Let's say I have an array of 2048 integers, like [0x018A, 0x004B, 0x01C0, 0x0234, 0x0098, 0x0343, 0x0222, 0x0301, 0x0398, 0x0087, 0x0167, 0x0389, 0x03F2, 0x0034, 0x0345, ...]
Note how they all start with either 0x00, 0x01, 0x02, or 0x03. I want to split them into 4 arrays:
I imagine I would have code like this:
int main() {
uint16_t in[2048] = ...;
// 4 arrays, one for each category
uint16_t out[4][2048];
// Pointers to the next available slot in each of the arrays
uint16_t *nextOut[4] = { out[0], out[1], out[2], out[3] };
for (uint16_t *nextIn = in; nextIn < 2048; nextIn += 4) {
(*** magic simd instructions here ***)
// Equivalent non-simd code:
uint16_t categories[4];
for (int i = 0; i < 4; i++) {
categories[i] = nextIn[i] & 0xFF00;
}
for (int i = 0; i < 4; i++) {
uint16_t category = categories[i];
*nextOut[category] = nextIn[i];
nextOut[category]++;
}
}
// Now I have my categoried arrays!
}
I imagine that my first inner loop doesn't need SIMD, it can be just a (x & 0xFF00FF00FF00FF00) instruction, but I wonder if we can make that second inner loop into a SIMD instruction.
Is there any sort of SIMD instruction for this "categorizing" action that I'm doing?
The "insert" instructions seem somewhat promising, but I'm a bit too green to understand the descriptions at https://software.intel.com/en-us/node/695331.
If not, does anything come close?
Thanks!
You can do it with SIMD, but how fast it is will depend on exactly what instruction sets you have available, and how clever you are in your implementation.
One approach is to take the array and "sift" it to separate out elements that belong in different buckets. For example, grab 32 bytes from your array which will have 16 16-bit elements. Use some cmpgt instructions to get a mask where which determines whether each element falls into the 00 + 01 bucket or the 02 + 03 bucket. Then use some kind of "compress" or "filter" operation to move all masked elements contiguously into one end a register and then same for the unmasked elements.
Then repeat this one more time to sort out 00 from 01 and 02 from 03.
With AVX2 you could start with this question for inspiration on the "compress" operation. With AVX512 you could use the vcompress instruction to help out: it does exactly this operation but only at 32-bit or 64-bit granularity so you'd need to do a couple at least per vector.
You could also try a vertical approach, where you load N vectors and then swap between them so that the 0th vector has the smallest elements, etc. At this point, you can use a more optimized algorithm for the compress stage (e.g,. if you vertically sort enough vectors, the vectors at the ends may be entirely starting with 0x00 etc).
Finally, you might also consider organizing your data differently, either at the source or as a pre-processing step: separating out the "category" byte which is always 0-3 from the payload byte. Many of the processing steps only need to happen on one or the other, so you can potentially increase efficiency by splitting them out that way. For example, you could do the comparison operation on 32 bytes that are all categories, and then do the compress operation on the 32 payload bytes (at least in the final step where each category is unique).

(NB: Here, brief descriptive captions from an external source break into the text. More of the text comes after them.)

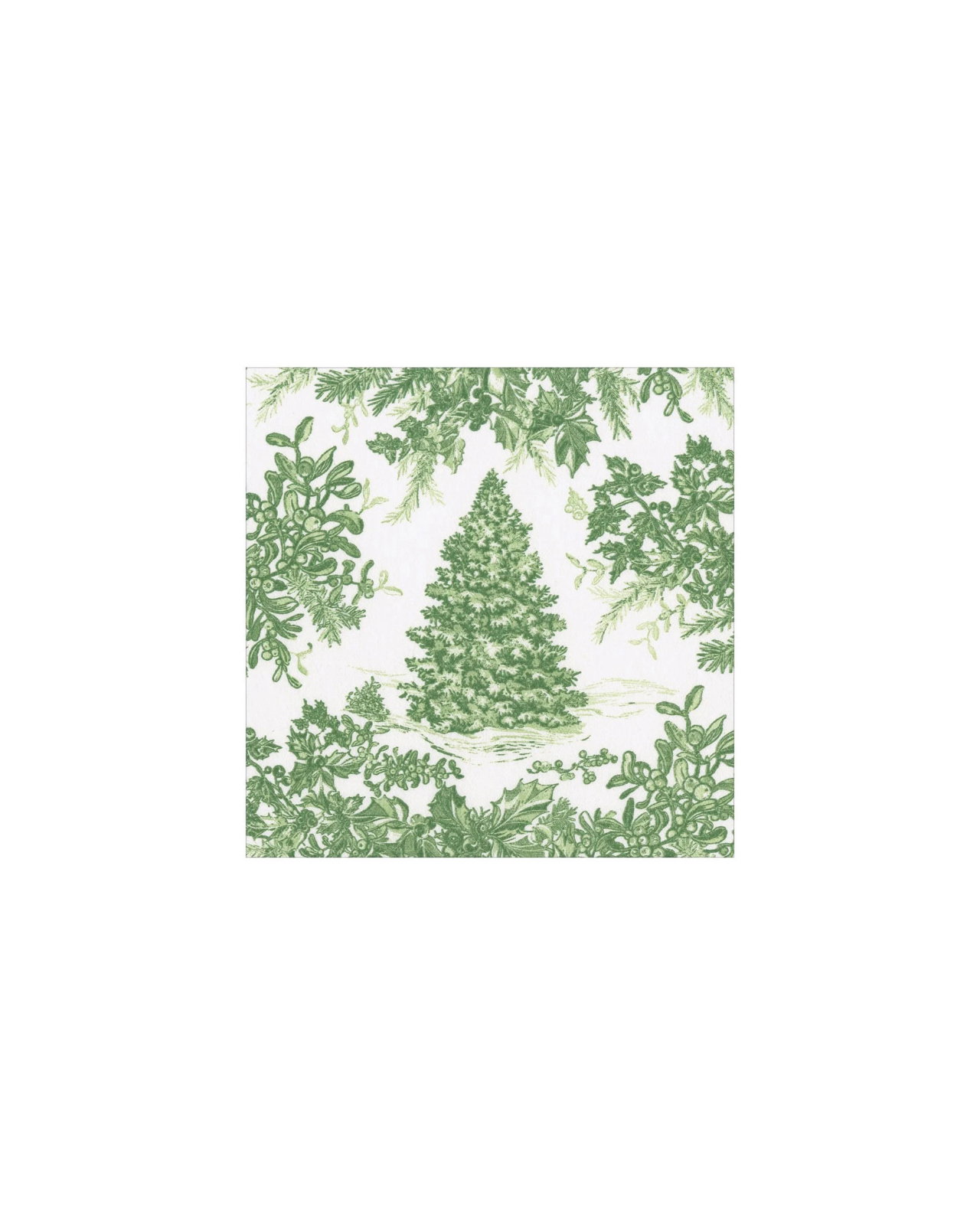 Christmas Tree Toile servietter 12-pakning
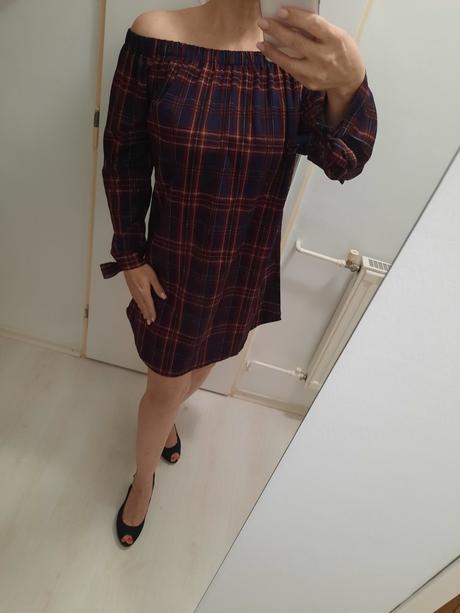 Kockované šaty alebo tunika, m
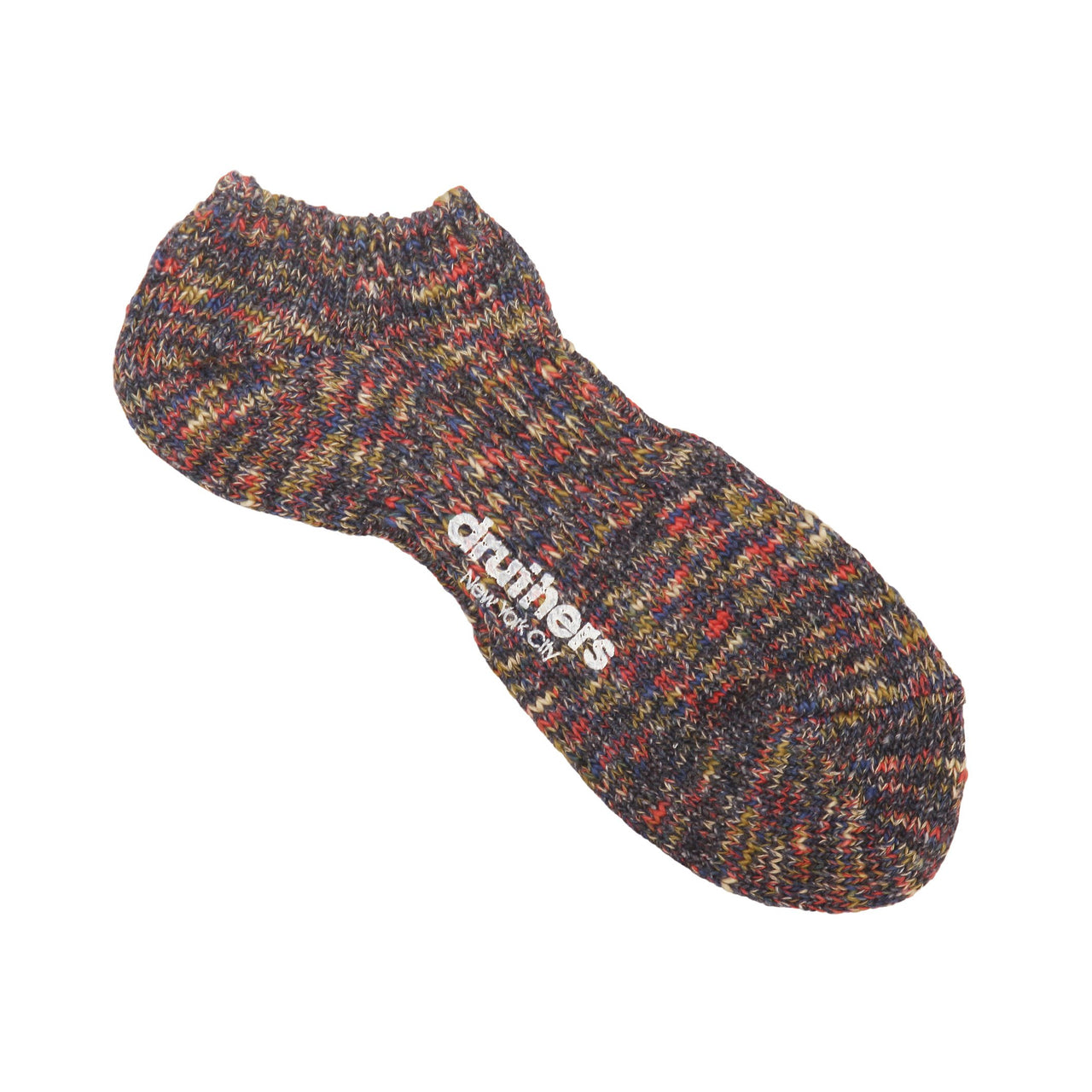 DRUTHERS RECYCLED COTTON MÉLANGE ANKLE SOCK - 3 COLORS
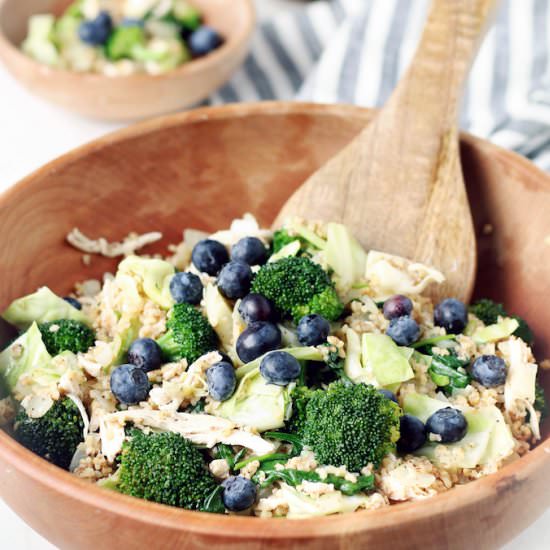 Warm Grains and Greens Salad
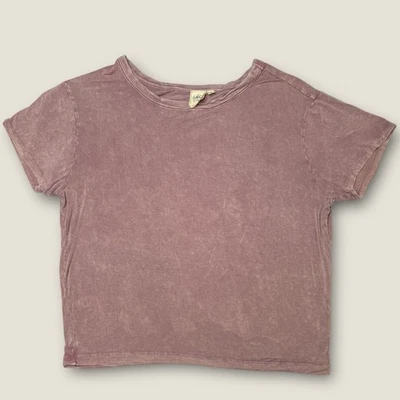 White Crow Dusty Rose Tee With Back Cutout Women’s Short Sleeve Size Medium - Image 1 of 4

This would lead to arrays of byte elements, not 16-bit elements, where the "category" byte is implicit. You've cut your data size in half, which might speed up everything else you want to do with the data in the future.
If you can't produce the source data in this format, you could use the bucketing as an opportunity to remove the tag byte as you put the payload into the right bucket, so the output is uint8_t out[4][2048];. If you're doing a SIMD left-pack with a pshufb byte-shuffle as discussed in comments, you could choose a shuffle control vector that packs only the payload bytes into the low half.
(Until AVX512BW, x86 SIMD doesn't have any variable-control word shuffles, only byte or dword, so you already needed a byte shuffle which can just as easily separate payloads from tags at the same time as packing payload bytes to the bottom.)